Netflix のリモコン戦略は日本のテレビの歴史を変えた分水嶺として残る気がする

フルタニ

こんにちは、フルタニです。放送局で番組作りをしてました。 Netflix を書きます。

番組づくりは人手がかかります。なかには機械化出来ない部分も残っています。にもかかわらず働き方改革が待ったなしに進んでいます。放送直前の追い込みだからといって時間外の作業はタブー。働き過ぎと見なされると指導を受けます。

いっぽう放送は装置産業という性格も持っています。電力会社と同じように装置そのものを運用していかなくてはなりません。そために放送法が整備されています。放送法は映像作品などのコンテンツをつくる放送事業者を過度な競争から守る砦でもあります。

一方、ネットを中心に動画コンテンツを配信するプラットフォーマーというビジネスが拡大しています。

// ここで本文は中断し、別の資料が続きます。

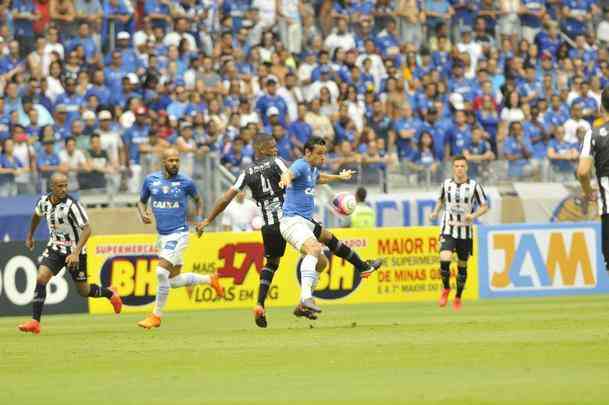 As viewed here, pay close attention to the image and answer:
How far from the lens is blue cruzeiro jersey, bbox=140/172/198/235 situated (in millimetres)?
18875

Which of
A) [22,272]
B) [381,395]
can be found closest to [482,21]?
[22,272]

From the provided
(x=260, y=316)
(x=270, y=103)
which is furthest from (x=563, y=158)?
Answer: (x=260, y=316)

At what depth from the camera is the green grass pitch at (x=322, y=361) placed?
1000 centimetres

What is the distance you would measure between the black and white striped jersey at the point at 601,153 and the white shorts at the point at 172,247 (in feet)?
22.8

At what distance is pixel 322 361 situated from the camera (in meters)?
→ 12.4

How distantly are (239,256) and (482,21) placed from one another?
13.3m

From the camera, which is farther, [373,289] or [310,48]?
[310,48]

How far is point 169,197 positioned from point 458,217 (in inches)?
227

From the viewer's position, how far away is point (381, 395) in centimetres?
981

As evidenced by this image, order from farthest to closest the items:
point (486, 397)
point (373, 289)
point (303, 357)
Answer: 1. point (373, 289)
2. point (303, 357)
3. point (486, 397)

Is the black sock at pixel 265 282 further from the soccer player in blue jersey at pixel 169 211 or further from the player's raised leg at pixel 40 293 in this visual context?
the player's raised leg at pixel 40 293

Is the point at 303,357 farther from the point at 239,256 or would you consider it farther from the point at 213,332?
the point at 239,256

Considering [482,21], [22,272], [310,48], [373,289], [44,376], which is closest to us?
[44,376]

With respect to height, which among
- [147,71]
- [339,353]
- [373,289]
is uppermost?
[147,71] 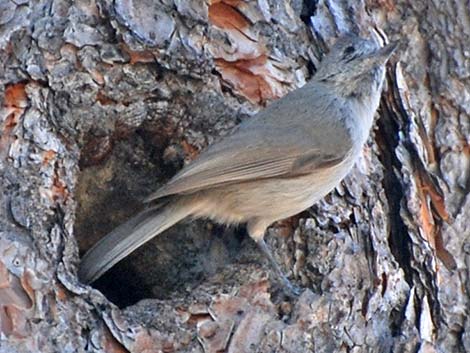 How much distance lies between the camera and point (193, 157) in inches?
196

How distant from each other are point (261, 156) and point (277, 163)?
0.08 meters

プラットフォーマーとは地主とか鉄道会社のようなもの。場所を貸すことで利益をあげるビジネスです。

プラットフォーマーは、国から電波を利用するための免許を得る必要がある放送事業者と違って行動に制約がありません。表現についても放送法のような厳格な縛りがあるわけではありません。その自由さにはいい面もわるい面もありますが、世界を変えるパワーがあります。

動画制作をめざす上で、放送と新規プラットフォーマーの動向は気になります。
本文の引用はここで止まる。